While there are many easily identifiable assets that are included in a cost segregation study, the five items listed below are but a small sample of the asset issues that require a trained engineer:

  1. The assessment of structural vs. non-structural assets:
    • An assessment of structural and non-structural assets is made on the facility to determine if an asset qualifies for accelerated depreciation, i.e., non structural assets can be depreciated faster than structural. An engineer can make a justifiable classification of a feature with the conclusion that the item is not related to the operation and maintenance of the base building.
  2. Assessment of Excess Capacity:
    • An assessment on the level of excess in an electrical, mechanical or plumbing system can be made to determine what portion is required strictly for the operation and maintenance of the base building structure. Very often this excess capacity is designed into the system to be able to accommodate the special needs of the business.
  3. Assessment of Special Use Assets:
    • There are numerous assets in most facilities that can be accelerated solely because of their "use". Electrical services to manufacturing or process related equipment, special plumbing or ventilation equipment dedicated to support the operation of equipment should be assessed to determine their extent.
  4. Assessment of Land Improvements:
    • There are assets such as parking, curbing, shrubs, walls, fences, lighting systems, drainage systems can be priced and accelerated. For example, storm water collection systems qualify as a land improvement and perhaps 95% is "invisible". As a result, if plans and drawings are not available, the engineer must reconstruct the entire system on paper and then price it.
  5. Assessment of Allocated Costs:
    • A percentage of the construction related soft costs can be reallocated to the shorter depreciable schedule. These soft costs will usually amount to 14% - 20% of the total projects cost and may be reallocated on a proportional basis to 5, 7 and 15 year property. These costs will often include General Conditions and Contractors Profit and Overhead. For example, a hotel with a $4,000,000 depreciable cost basis may have $600,000 in "soft" costs - (15%). If our engineer is able to accelerate 40% of the total project costs, then 40% of the soft costs ($600,000) can be accelerated. In this example, $240,000 of soft costs would be available for accelerated depreciation.
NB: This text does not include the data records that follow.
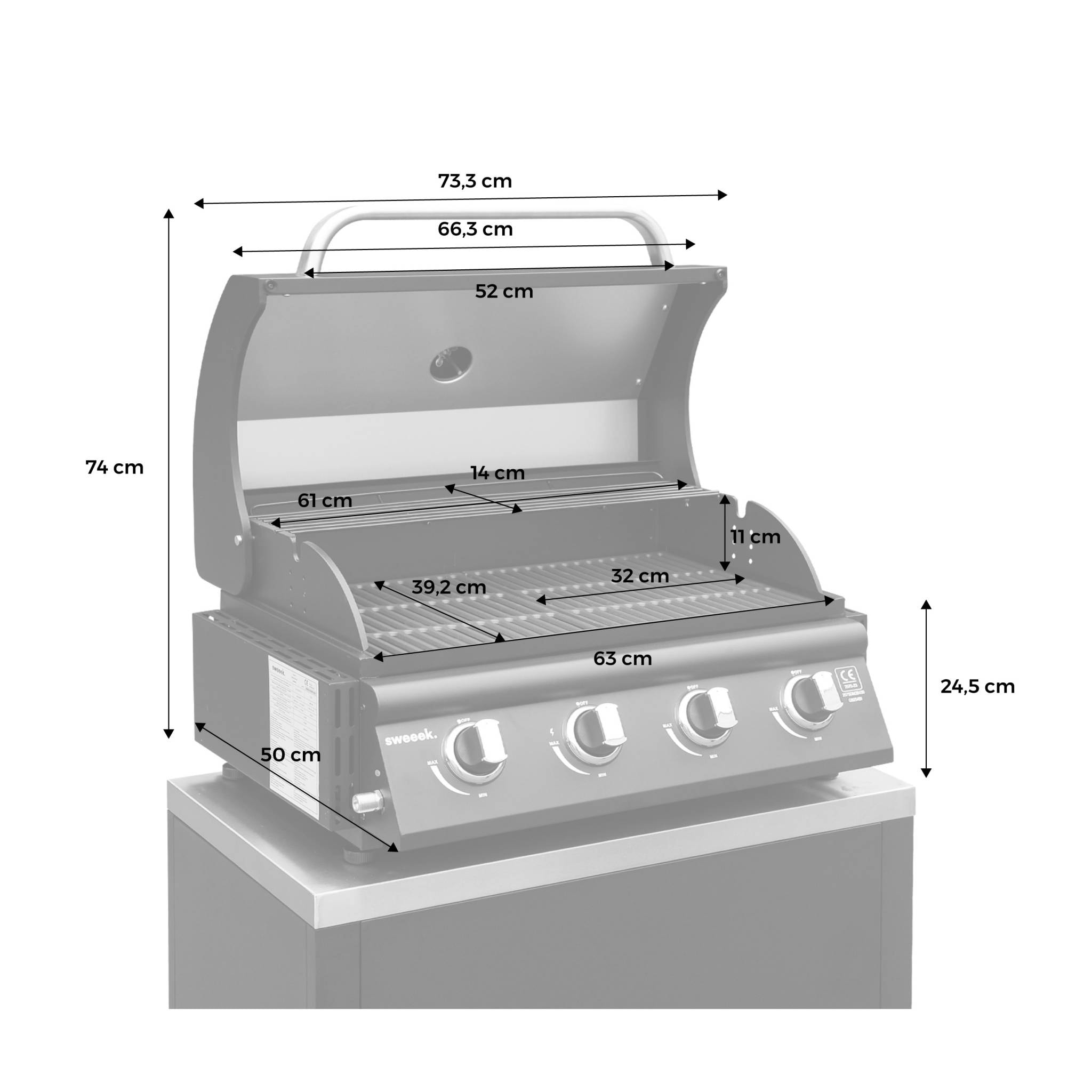 Barbecue à gaz avec 4 brûleurs à poser avec récupérateur de graisse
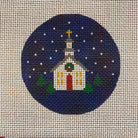 Snowy Church Round Canvas - KC Needlepoint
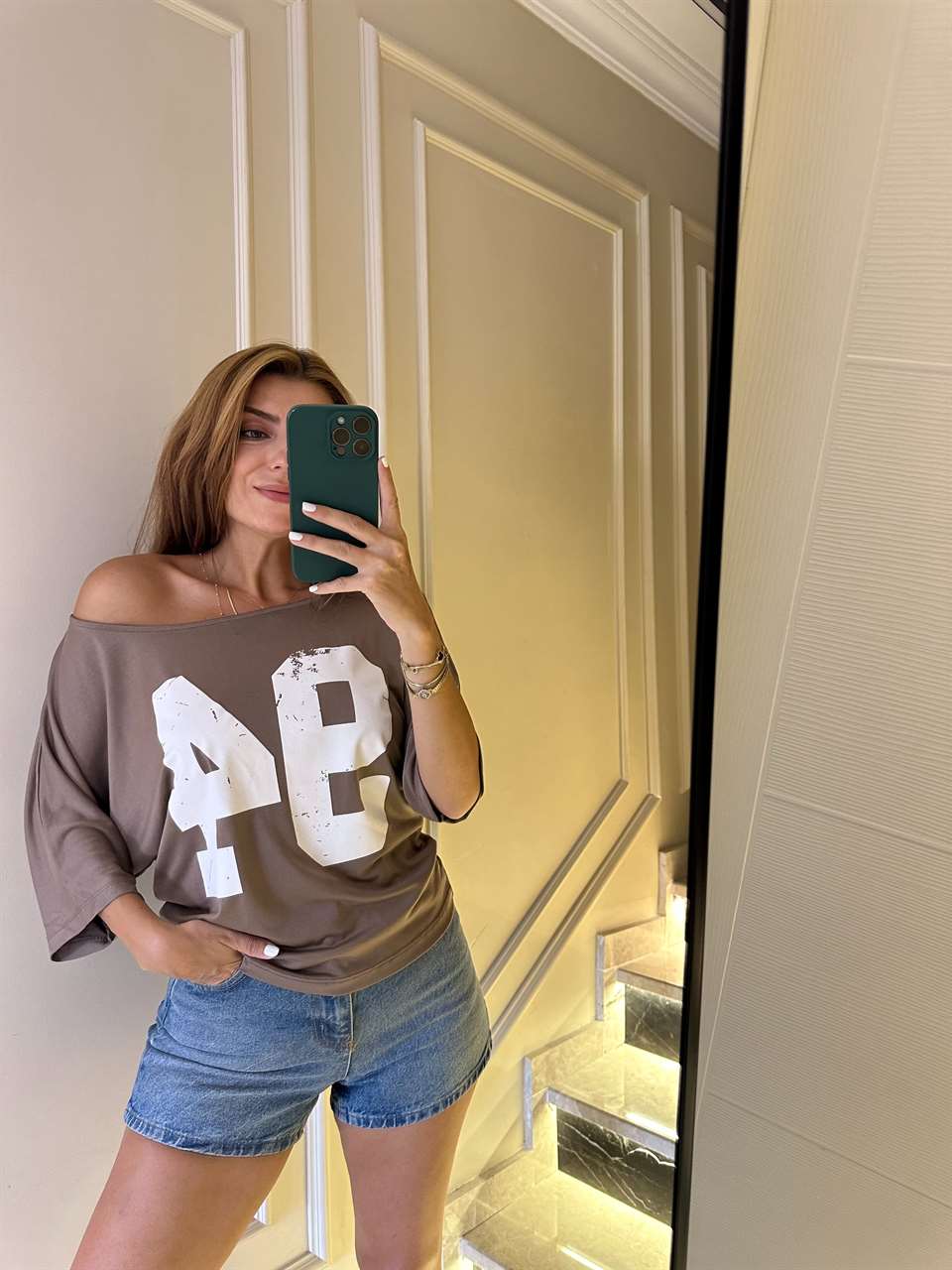 Kadın Vizon Kayık Yaka 94 Baskılı Bluz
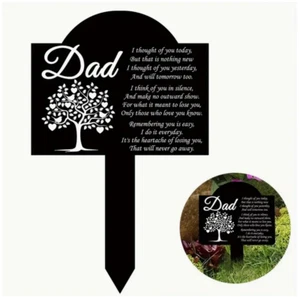 Acrylic Memorial Stake Cemetery Grave Plaque Acrylic Stake for Dad 8"x5" - Picture 1 of 6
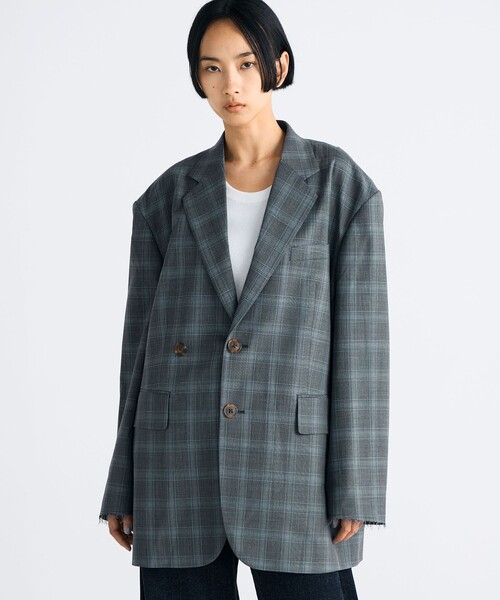 EDITION（エディション）の「Super140's ウールトロピカル チェックオーバーサイズドジャケット（テーラードジャケット・レディース・グレー系その他・34/36）」の3枚目の写真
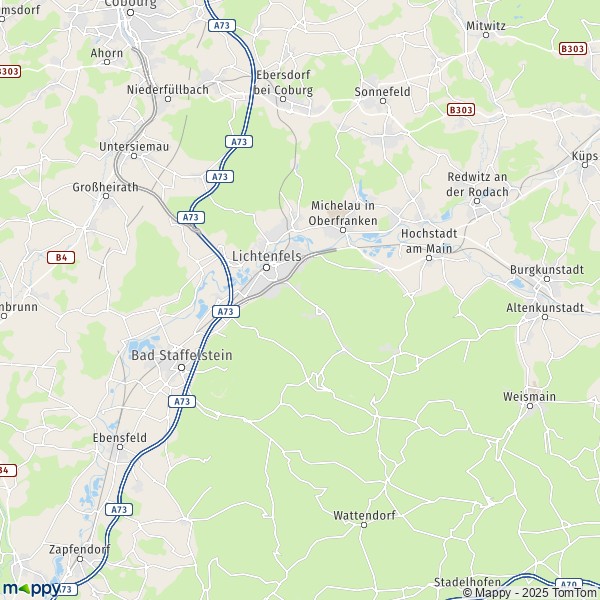 La carte pour la ville de 96215 Lichtenfels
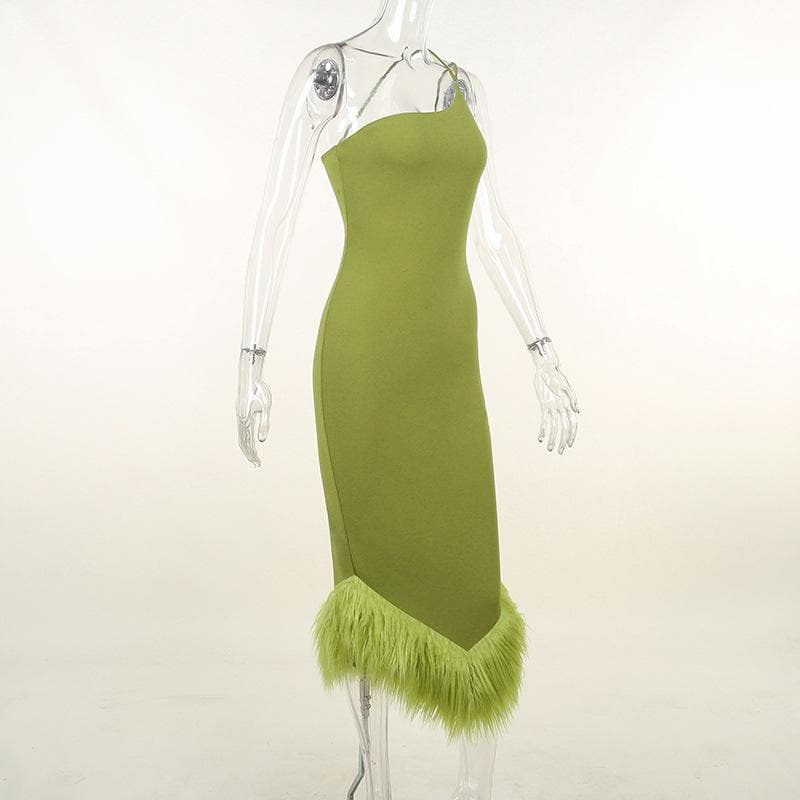 One Shoulder Fringe Trim Asymmetric Hem Bodycon Midi Dress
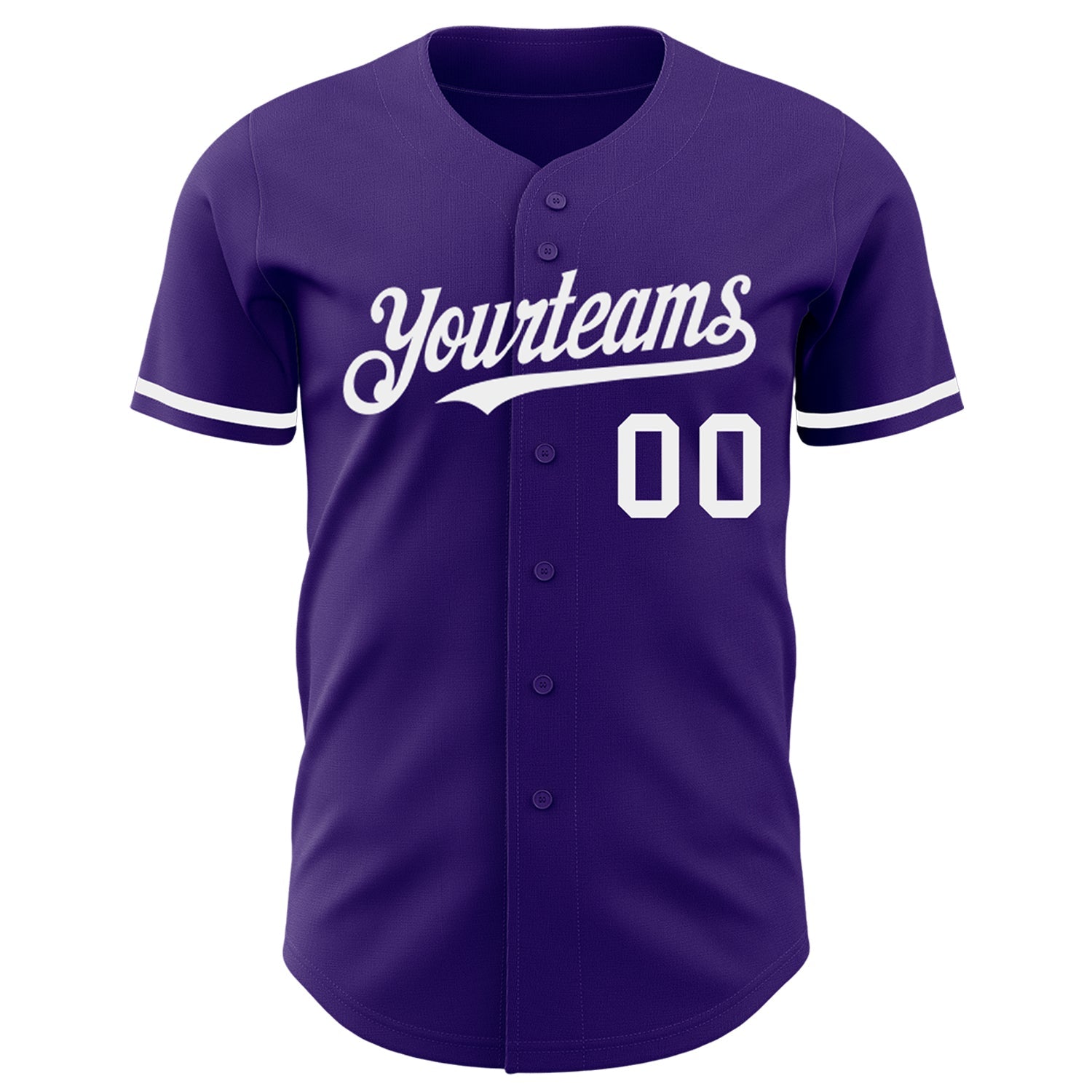 Custom Purple White Authentic Baseball Jersey view 2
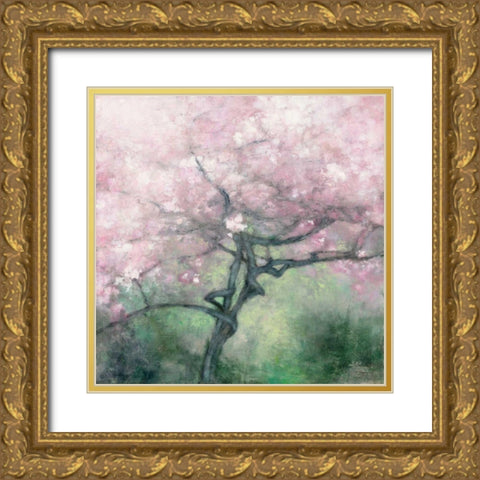 Blooming Apple Tree Gold Ornate Wood Framed Art Print with Double Matting by Purinton, Julia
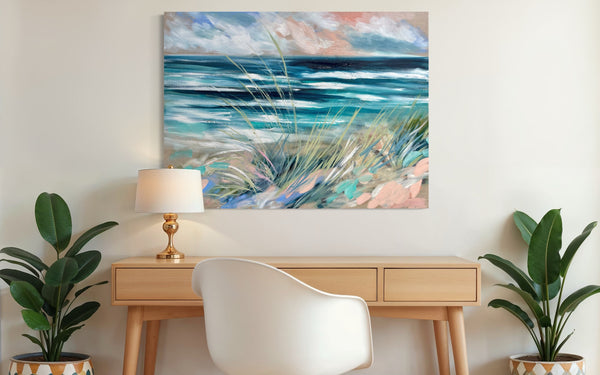 Sand Dunes at Sunset - original on Belgian linen  - 75x100 Cm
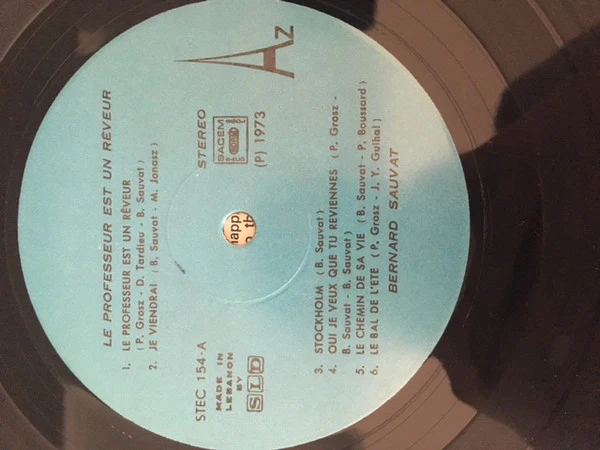 Bernard Sauvat - Le Professeur Est Un Rêveur (LP, Album) - Image 3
Summary - Engineering Process:

Because a cost segregation study is really an engineering and financial analysis activity, the IRS strongly suggests that a third party qualified engineering consulting firm perform the study. The IRS stated the following in a memorandum, "Most tax practitioners do not have the necessary expertise to conduct a cost segregation study which is acceptable to the IRS. The standards for such studies are high (see LTR 199921045). Thus, it is generally advisable to work with an outside consultant who specializes in this area."

Bedford engineers are technically competent in this specialized field to satisfy the "expert witness" requirements, should the IRS or their engineers ever challenge the study.

In summary, our "Engineering Process" ensures that we identify all the qualifying assets. As a result, our CPA clients have told us that we deliver the highest tax savings yield and most thorough, comprehensive & detailed report in the industry. In fact, that's our goal? setting the technical excellence standard for the industry. That's validated over and over again by the fact that our client CPA firms (who in aggregate employ thousands of CPA's) engage us to do their cost segregation work.